Our robot works not by simply following commands or instructions step by step but by setting goals and then working to achieve those goals. The robot is free to set its own path or determine how to get to its goal. We will tell the robot pick up that toy and the robot will decide which toy, how to get in range, and how to pick up the toy. If we, the human robot owner, instead tried to treat the robot as a teleoperated hand, we would have to give the robot many individual instructions, such as move forward, move right, extend arm, and open hand, each individually, and without giving the robot any idea why we were making those motions. In a goal-oriented structure, the robot will be aware of which objects are toys and which are not and it will know how to find the toy box and how to put toys in the box. This is the difference between an autonomous robot and a radio-controlled teleoperated device.

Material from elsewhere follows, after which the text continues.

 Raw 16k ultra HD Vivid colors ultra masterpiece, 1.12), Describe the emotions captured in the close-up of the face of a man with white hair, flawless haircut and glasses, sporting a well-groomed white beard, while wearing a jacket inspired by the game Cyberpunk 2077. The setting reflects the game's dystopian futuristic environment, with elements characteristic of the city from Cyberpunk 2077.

Before designing the specifics of our robot and its software, we have to match its capabilities to the environment and the problem it must solve. The book will introduce some tools for designing the robot and managing the development of the software. We will use two tools from the discipline of systems engineering to accomplish this – use cases and storyboards. I will make this process as streamlined as possible. More advanced types of systems engineering are used by NASA, aerospace, and automobile companies to design rockets, cars, and aircraft – this gives you a taste of those types of structured processes.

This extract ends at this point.